BRIEF: With the pictures left out, print exactly the lines below that run from the one containing "Plato's Phaedrus" through the one containing "4 bedrooms House".

TASK DATA:

■ ■ ■ ■ ■ ■ ■

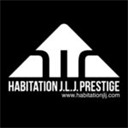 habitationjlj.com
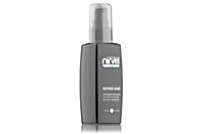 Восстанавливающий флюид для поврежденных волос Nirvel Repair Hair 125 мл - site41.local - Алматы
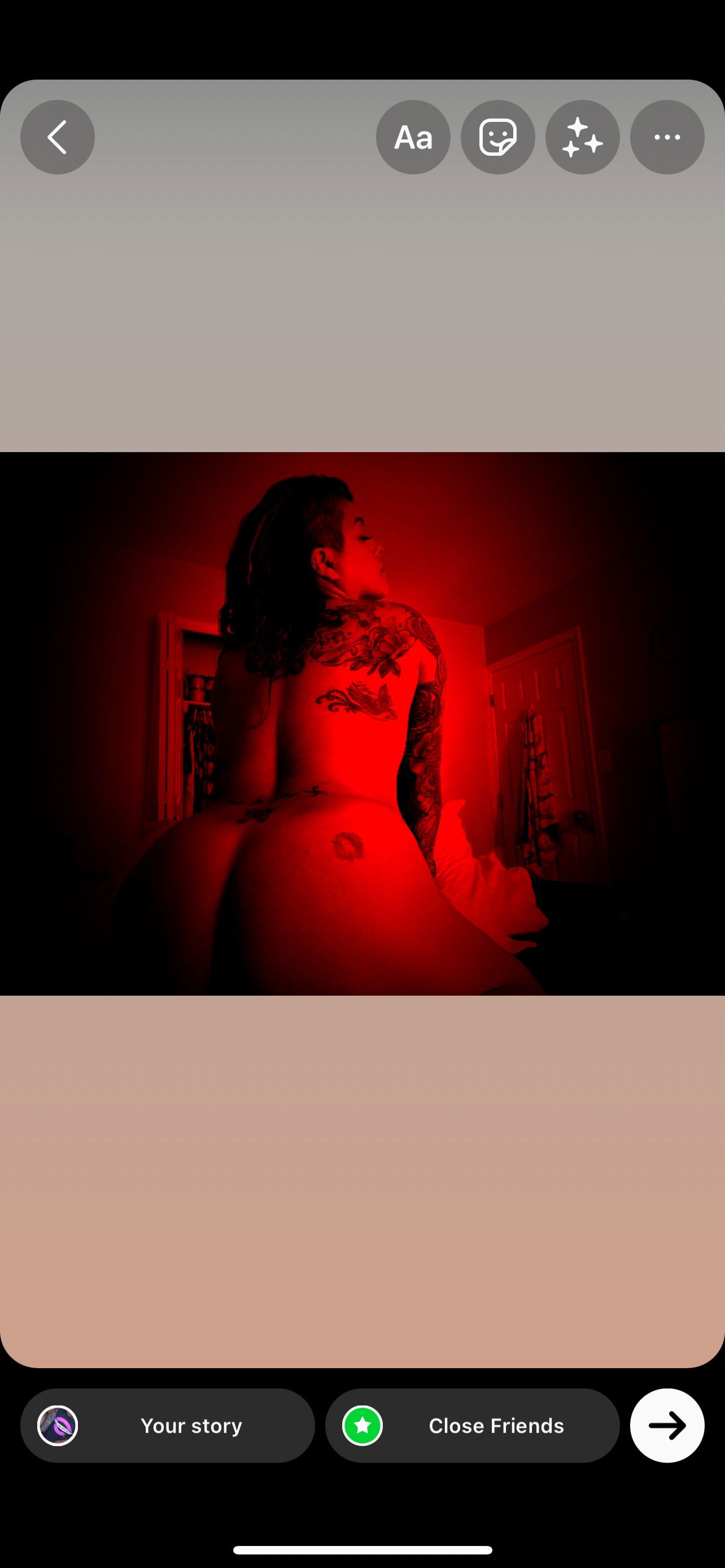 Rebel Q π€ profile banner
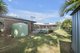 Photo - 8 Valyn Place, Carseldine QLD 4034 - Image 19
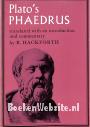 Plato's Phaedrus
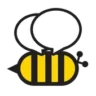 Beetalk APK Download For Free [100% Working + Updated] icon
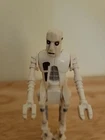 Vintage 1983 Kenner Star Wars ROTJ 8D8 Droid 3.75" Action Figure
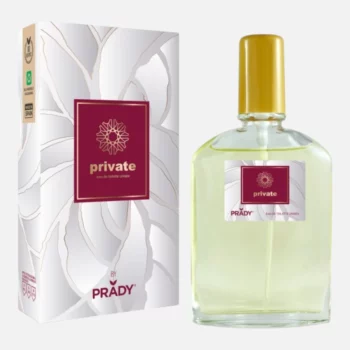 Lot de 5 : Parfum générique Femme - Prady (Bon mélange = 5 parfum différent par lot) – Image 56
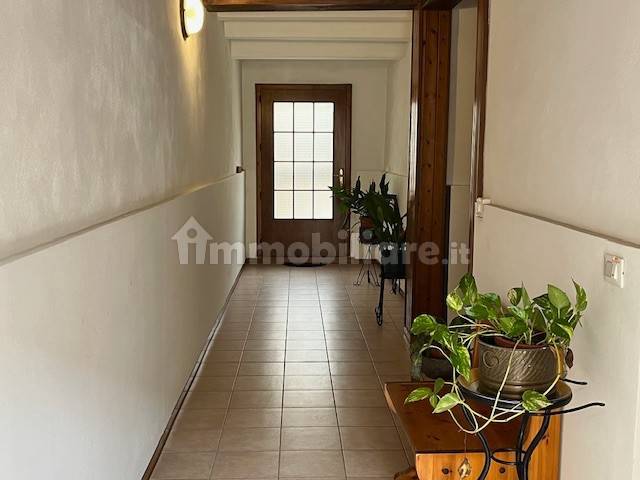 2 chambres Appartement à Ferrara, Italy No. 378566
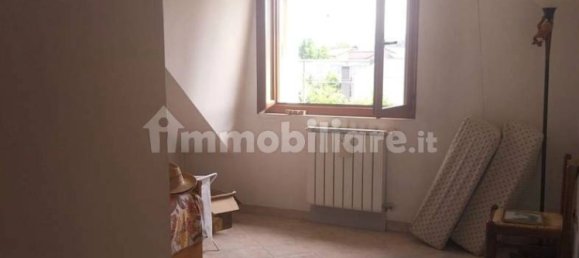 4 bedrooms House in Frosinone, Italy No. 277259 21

■ ■ ■ ■ ■ ■ ■

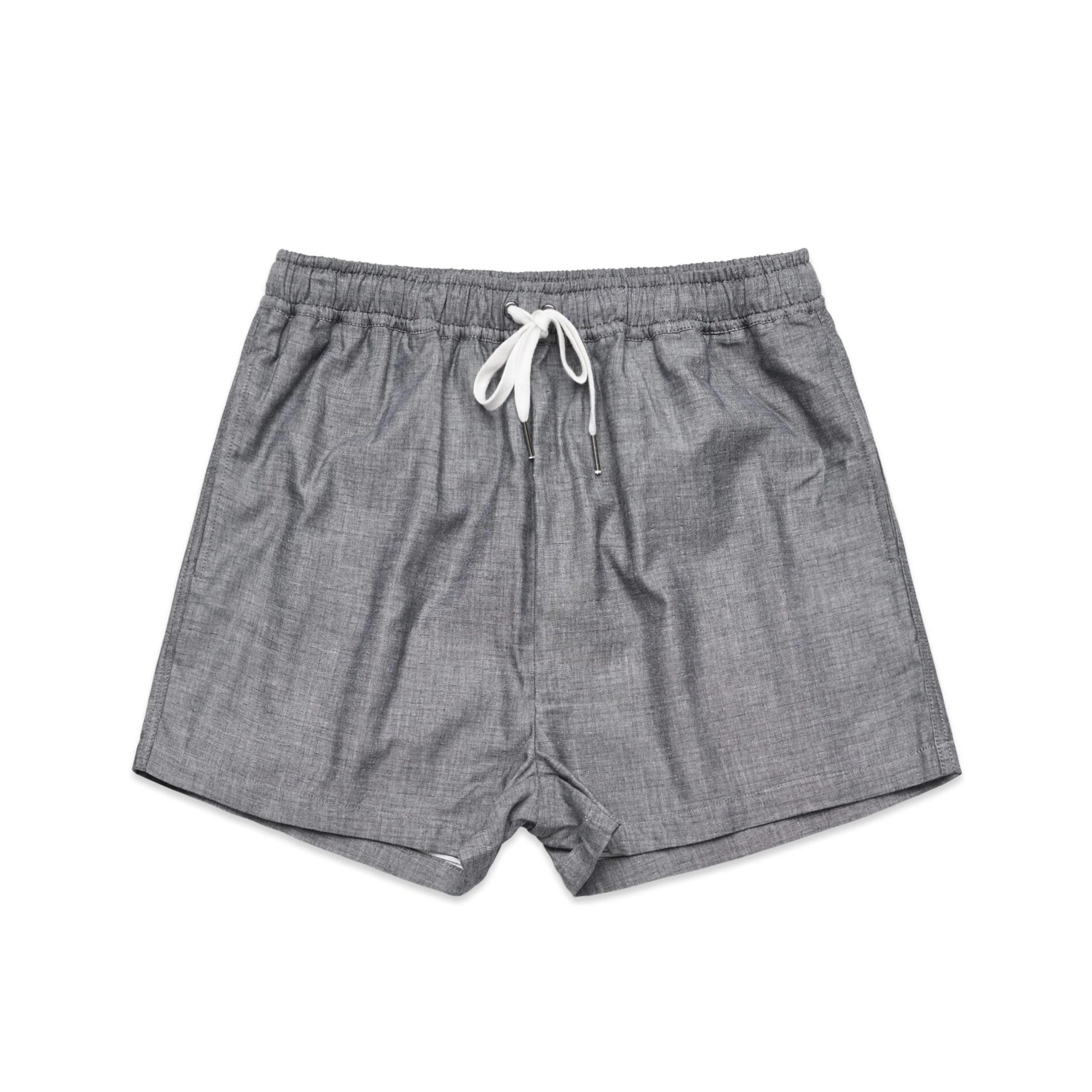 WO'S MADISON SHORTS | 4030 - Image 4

■ ■ ■ ■ ■ ■ ■

RESULT OF THE EXERCISE:
 Plato's Phaedrus
 Beetalk APK Download For Free [100% Working + Updated] icon
 Vintage 1983 Kenner Star Wars ROTJ 8D8 Droid 3.75" Action Figure
 Lot de 5 : Parfum générique Femme - Prady (Bon mélange = 5 parfum différent par lot) – Image 56
 2 chambres Appartement à Ferrara, Italy No. 378566
 4 bedrooms House in Frosinone, Italy No. 277259 21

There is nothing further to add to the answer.